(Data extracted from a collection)
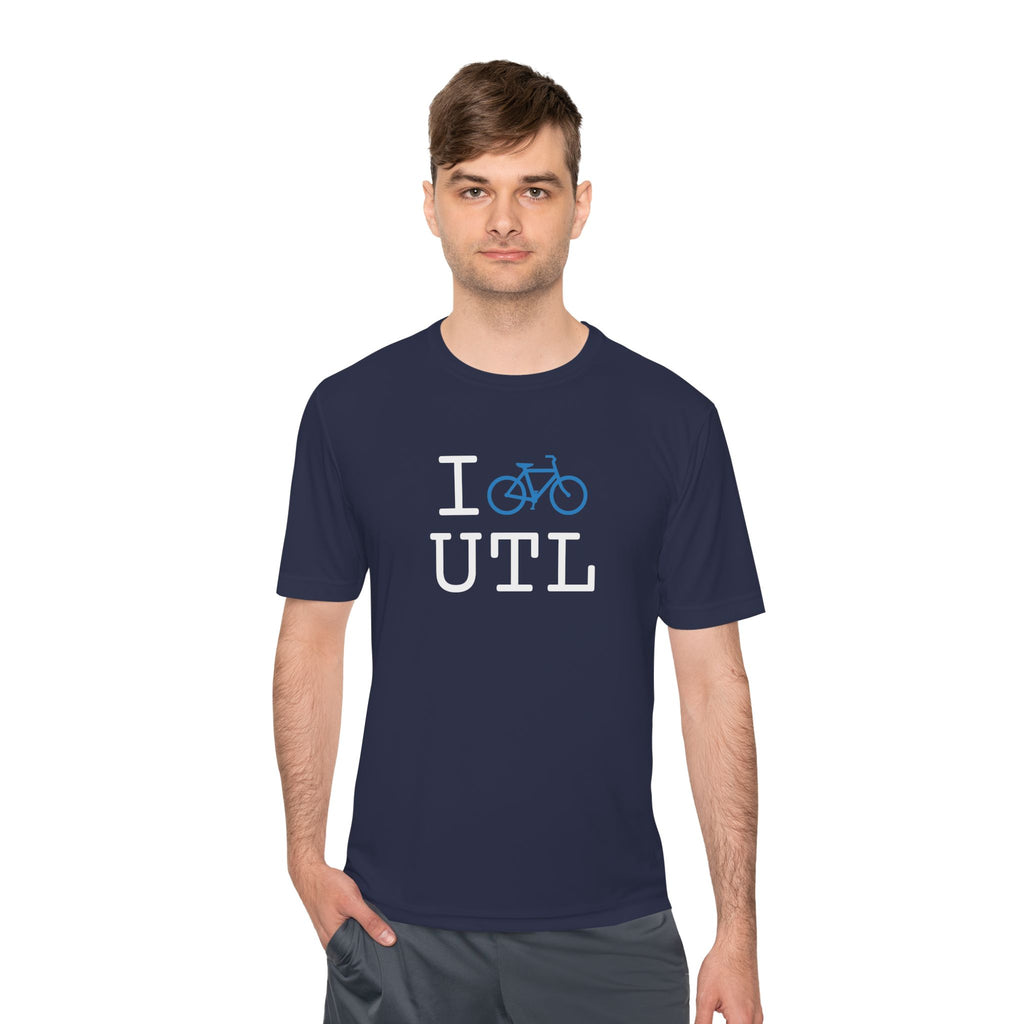 I Bike athletic T, light blue bike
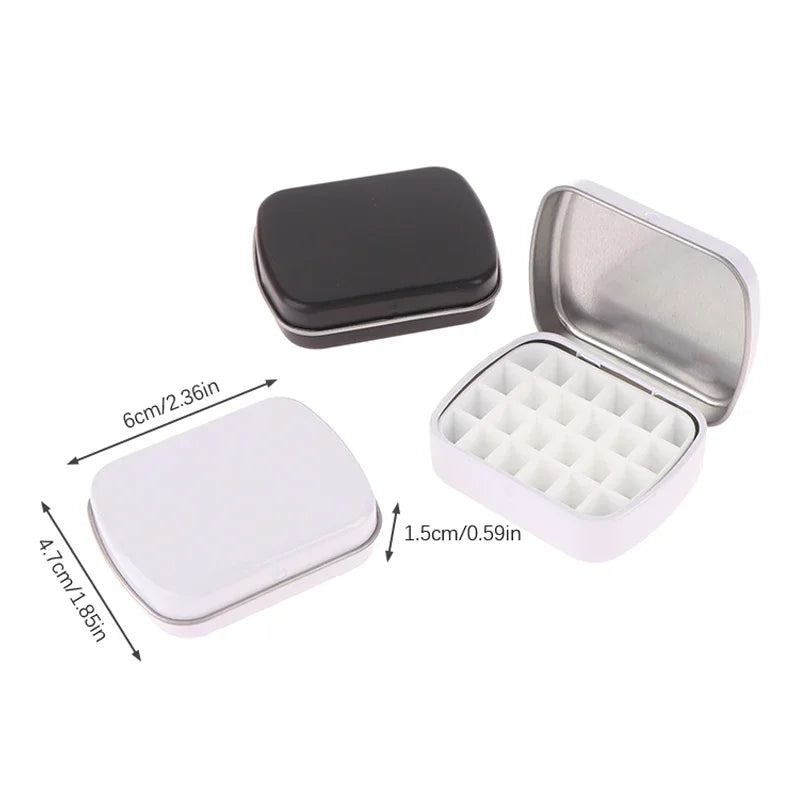 Portable Empty Watercolor Tin Box 12/24 Grids Mini Watercolor Paint Palette Travel Painting Paint Tray Art Supplies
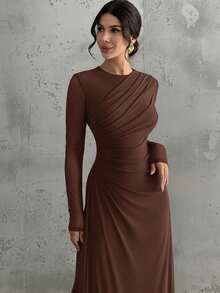 Firerie 女士优雅正式办公通勤休闲度假派对复古教师秋季网纱纯色圆领腰部褶裥A字长袖连衣裙，浅黄色 - 咖啡 - 查看 2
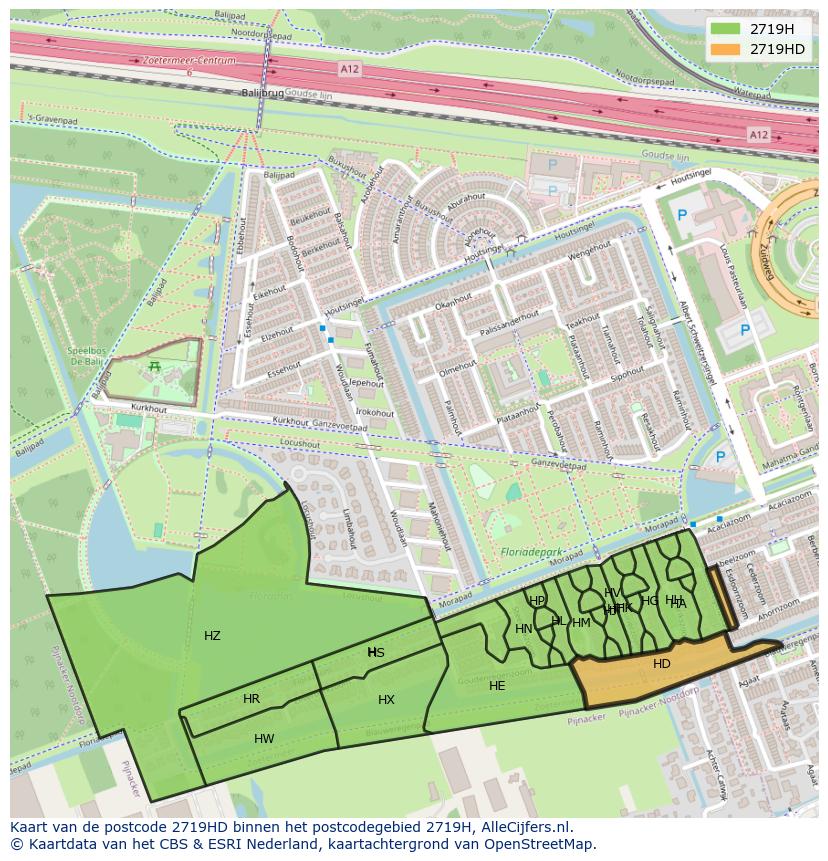 Afbeelding van het postcodegebied 2719 HD op de kaart.
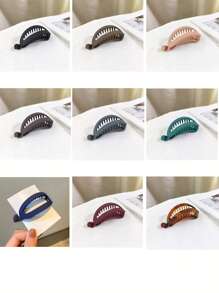 Matte Simple Banana Shape Hair Clips, French Acrylic Banana Hair Clips For Women - Non-Slip Strong Hold Flat Claw Clips For Thin Hair, Matte Finish Retro Minimalist Cute Hair Clips, Thin Hair Styling, Hair Tools, Beauty Accessories, Curly Hair Accessories, Women, Hair Stuff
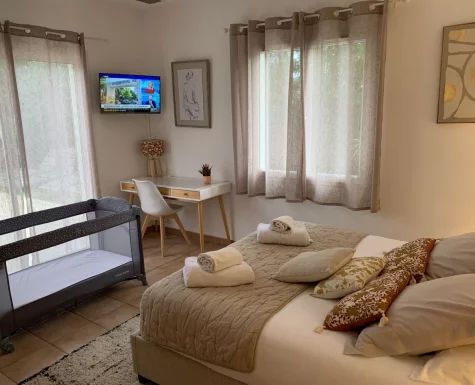 Smart TV in every bedroom, baby cot available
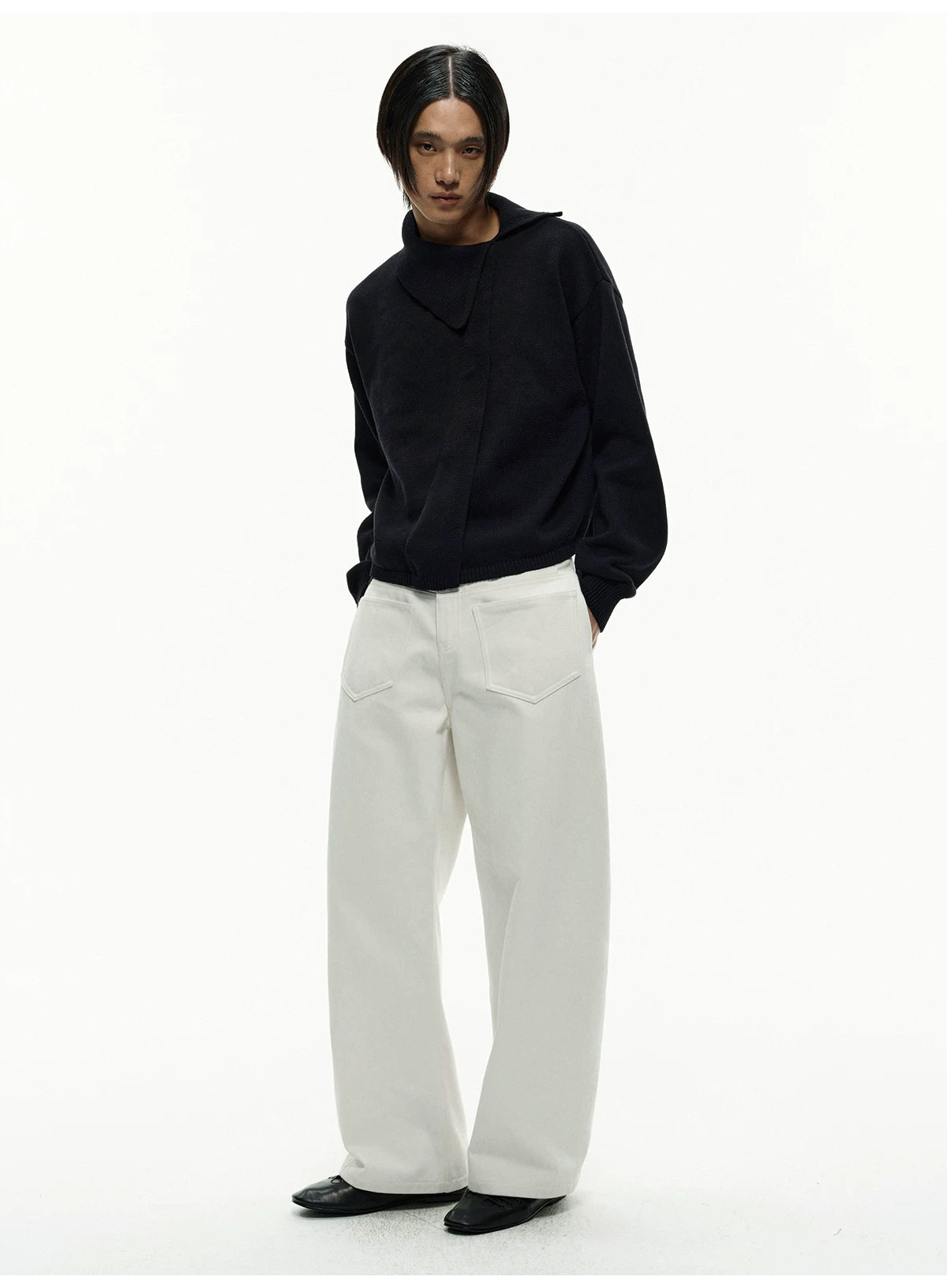 JCAESAR Casual Warm Diagonal Neck Sweater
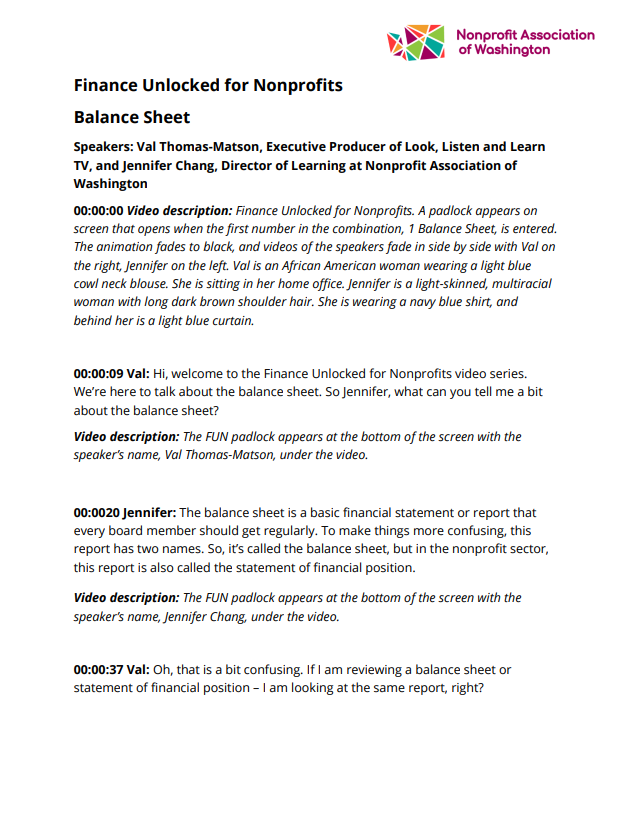 Preview of the Finance Unlocked for Nonprofits Balance Sheet video transcript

• [Prompt]: When you reach the line containing "JCAESAR Casual Warm Diagonal Neck Sweater" in the entries above, please retype it and each line after it through the last one, exactly, without the pictures.

• [Output for this task]:
 JCAESAR Casual Warm Diagonal Neck Sweater
 Preview of the Finance Unlocked for Nonprofits Balance Sheet video transcript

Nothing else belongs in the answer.